INSTRUCTIONS TO FOLLOW:
Without including any pictures, give back all of the data exactly.

RECORDS PROVIDED:
##############################
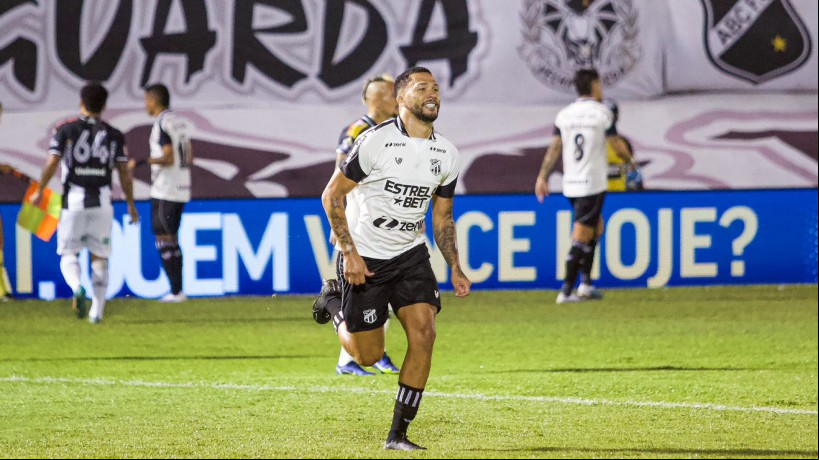 Atacante Vitor Gabriel comemorando gol marcado pelo Ceará contra o ABC, pela Série B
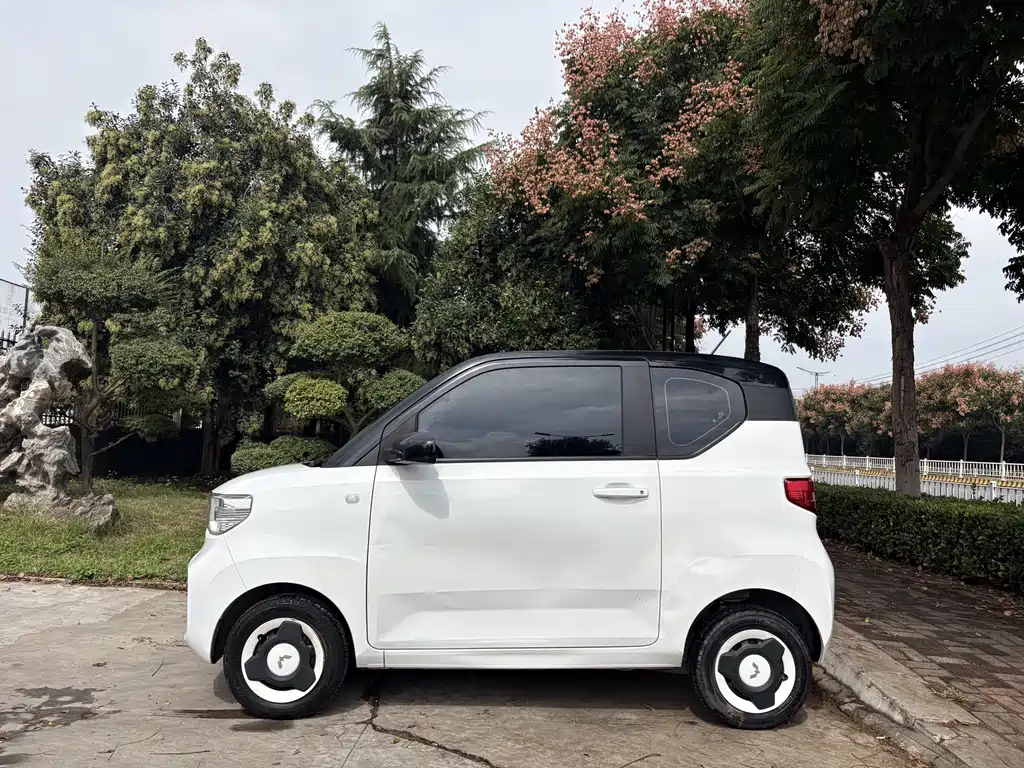 Wuling MINIEV — миниатюра 2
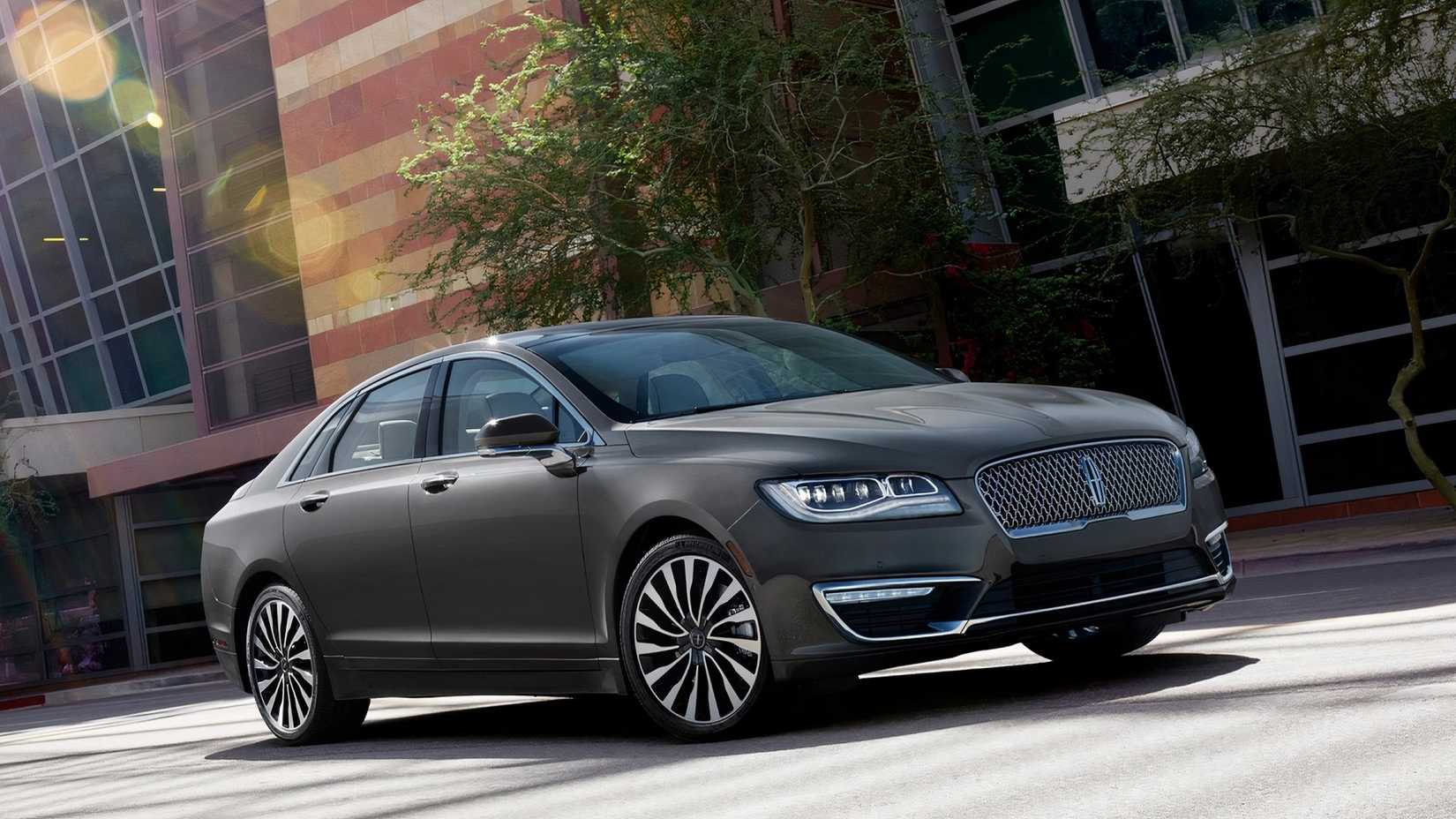 2017 Lincoln MKZ, front 3/4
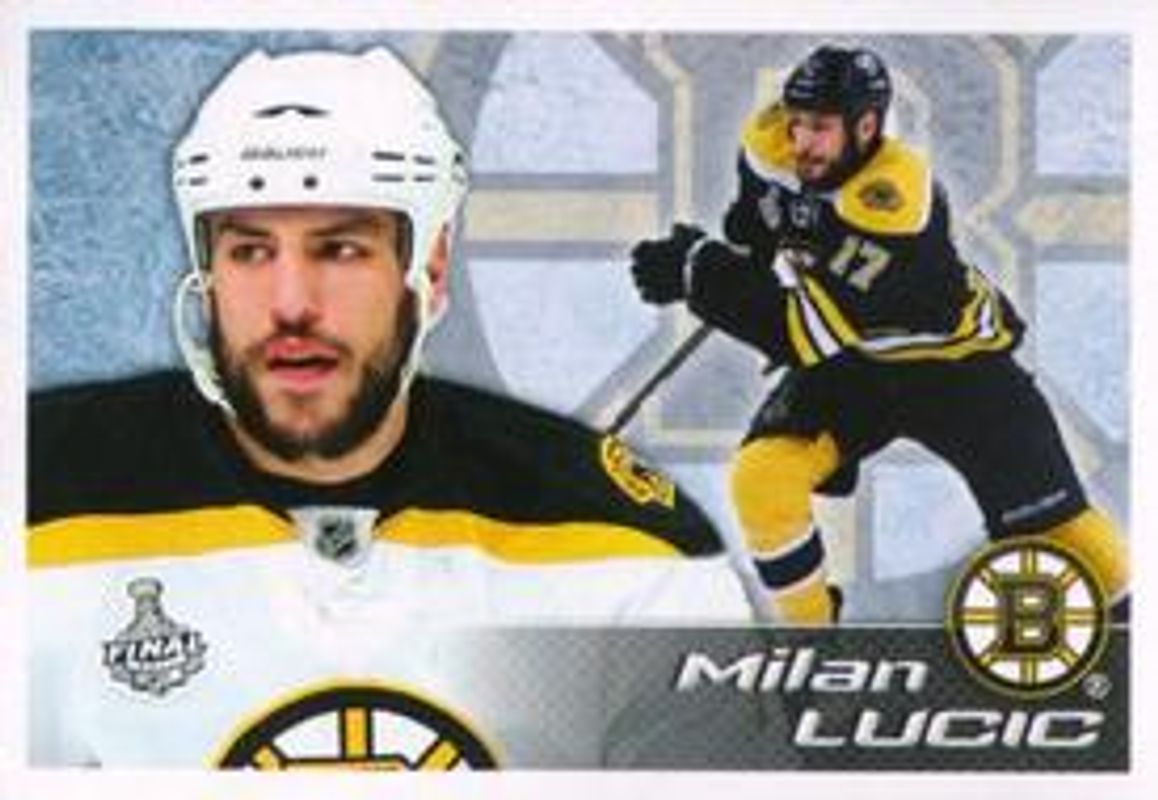 2011 Panini Stickers #42 Base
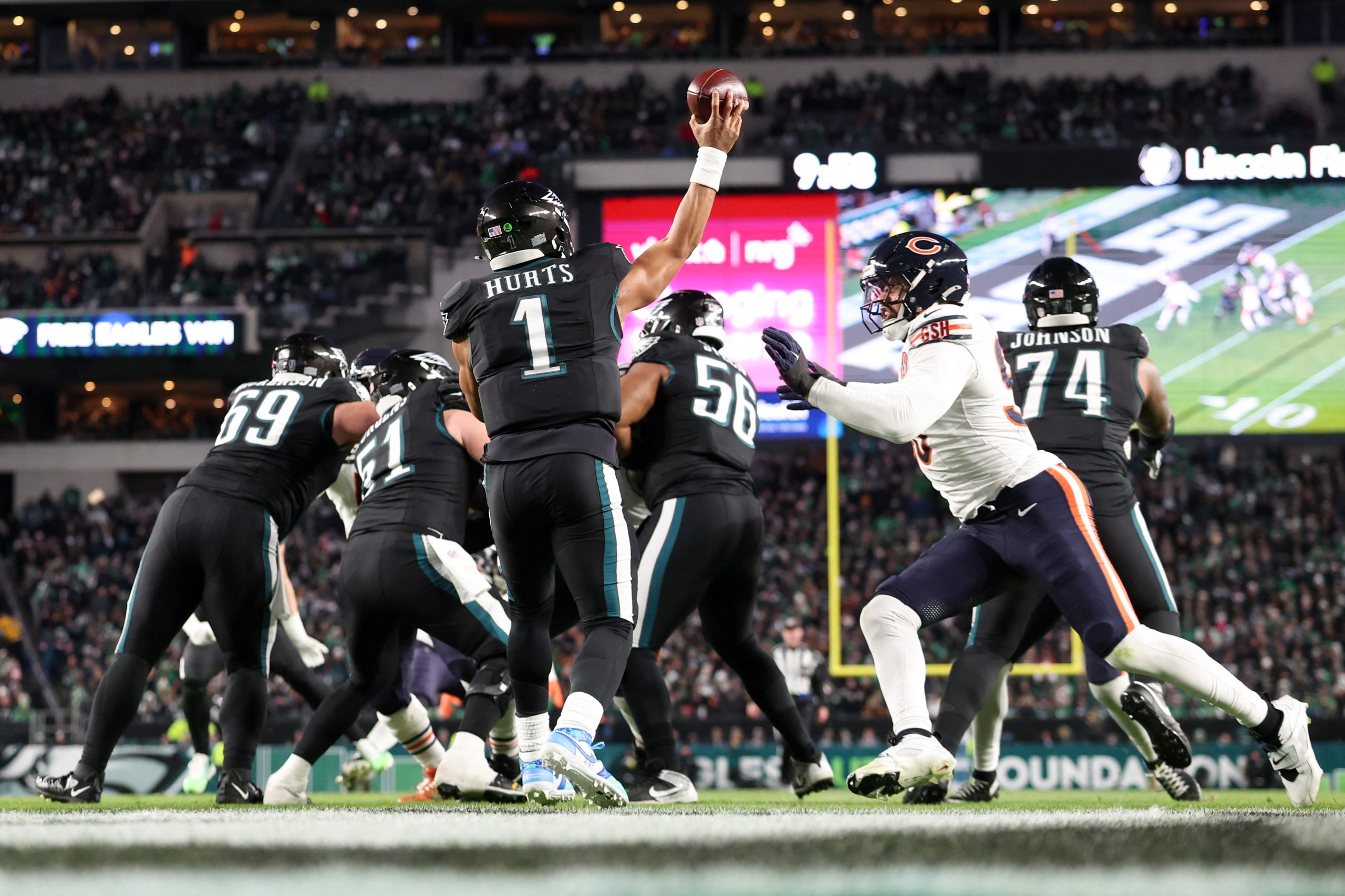 Final Eagles vs Bears Picks, Closing Odds & Weather Forecast
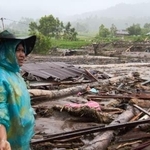 　２７日、インドネシアの西スマトラ州で洪水被害を確認する女性（ＡＰ＝共同）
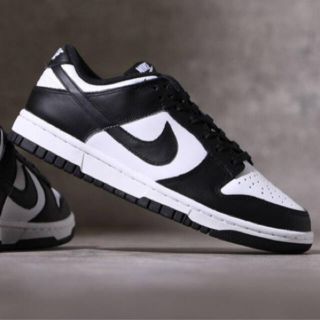 ナイキ(NIKE)のNIKE wmns DUNK low 24 black 黒 white 白(スニーカー)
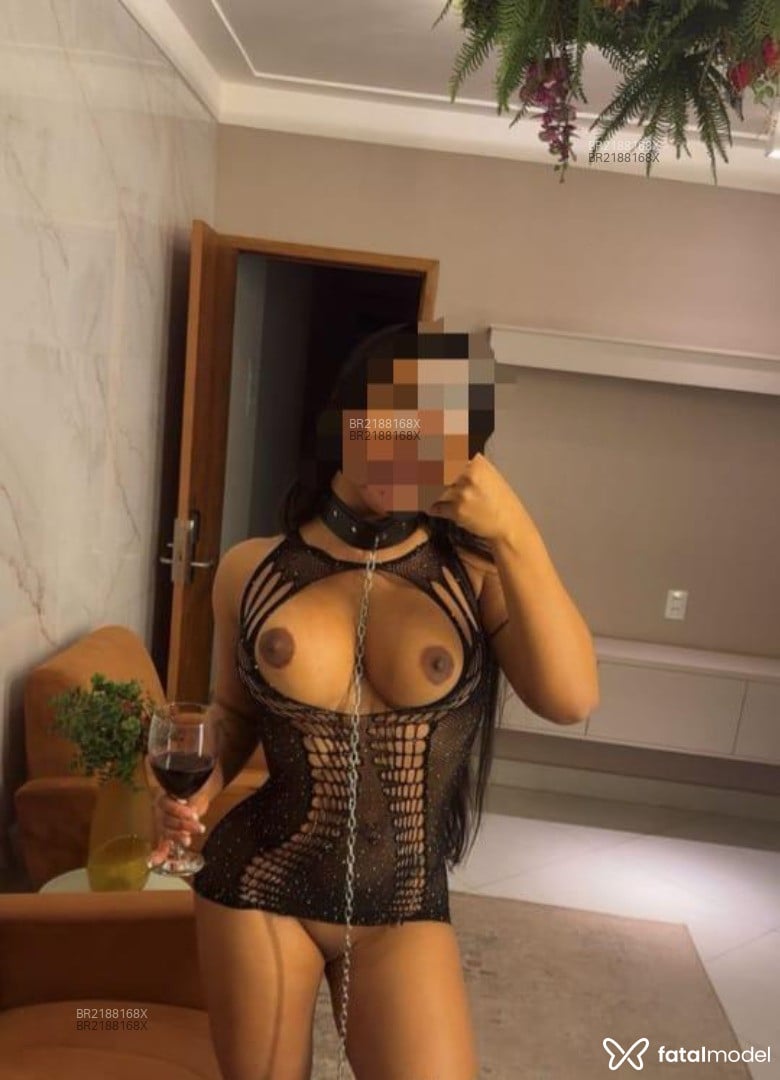 Acompanhante mulher morena (o) de olhos pretos em Recife - Luanna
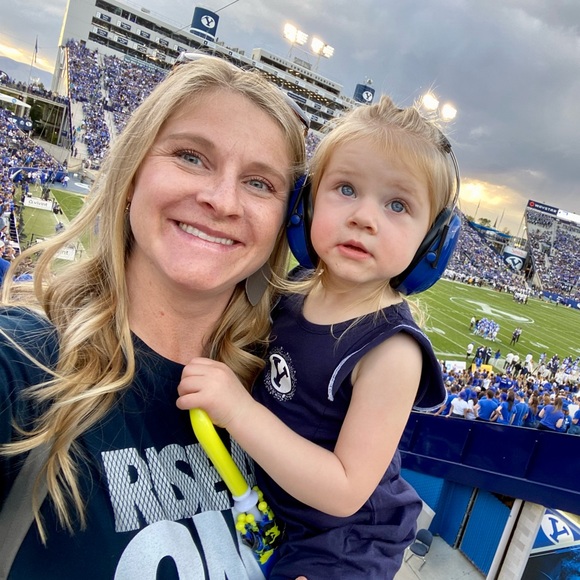 Meet your Posher, Elizabeth - Picture 1 of 1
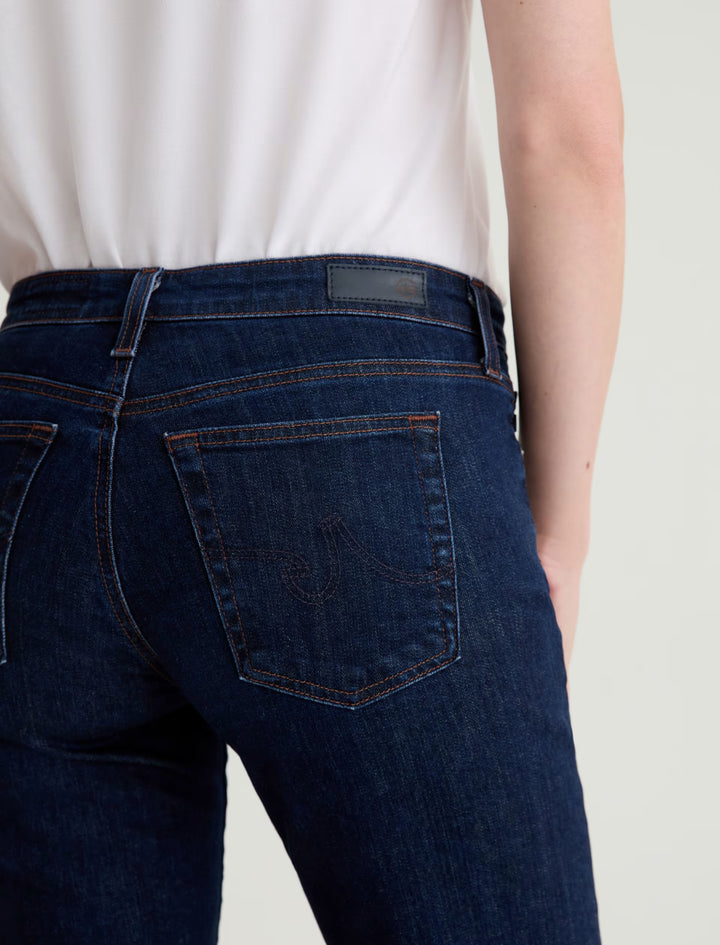 AG Sandra Low-Rise Straight - Modern Indigo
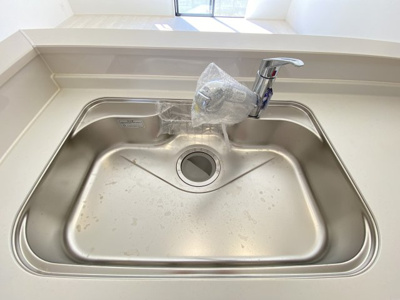 【キッチン】 | 那覇市具志（全7棟）A・C・D・E・F号棟 | C号棟　浄水器付き♪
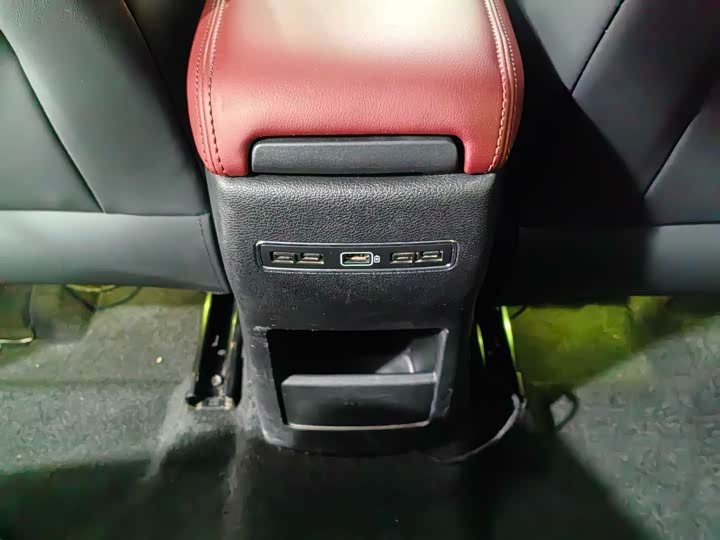 Фото 21 - Geely Coolray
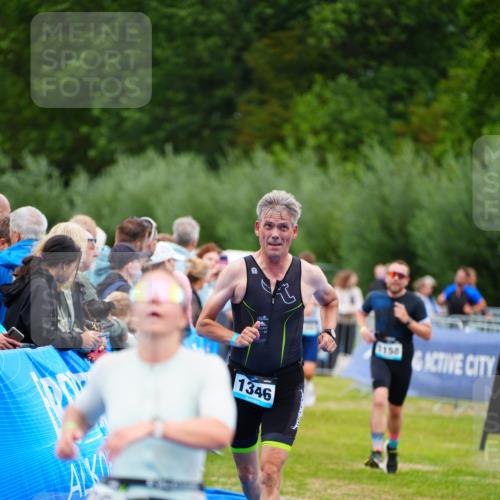 30.08.2026 - Elbe Triathlon Hamburg LAZAROV Photography http://msf.ph/oto/10060097 30.08.2026 11:39:02 Ziel 936, 1158, 1319, 1346, 1456 meine-sportfotos.de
##############################
WORKED SOLUTION:
 Atacante Vitor Gabriel comemorando gol marcado pelo Ceará contra o ABC, pela Série B
 Wuling MINIEV — миниатюра 2
 2017 Lincoln MKZ, front 3/4
 2011 Panini Stickers #42 Base
 Final Eagles vs Bears Picks, Closing Odds & Weather Forecast
 　２７日、インドネシアの西スマトラ州で洪水被害を確認する女性（ＡＰ＝共同）
 ナイキ(NIKE)のNIKE wmns DUNK low 24 black 黒 white 白(スニーカー)
 Acompanhante mulher morena (o) de olhos pretos em Recife - Luanna
 Meet your Posher, Elizabeth - Picture 1 of 1
 AG Sandra Low-Rise Straight - Modern Indigo
 【キッチン】 | 那覇市具志（全7棟）A・C・D・E・F号棟 | C号棟　浄水器付き♪
 Фото 21 - Geely Coolray
 30.08.2026 - Elbe Triathlon Hamburg LAZAROV Photography http://msf.ph/oto/10060097 30.08.2026 11:39:02 Ziel 936, 1158, 1319, 1346, 1456 meine-sportfotos.de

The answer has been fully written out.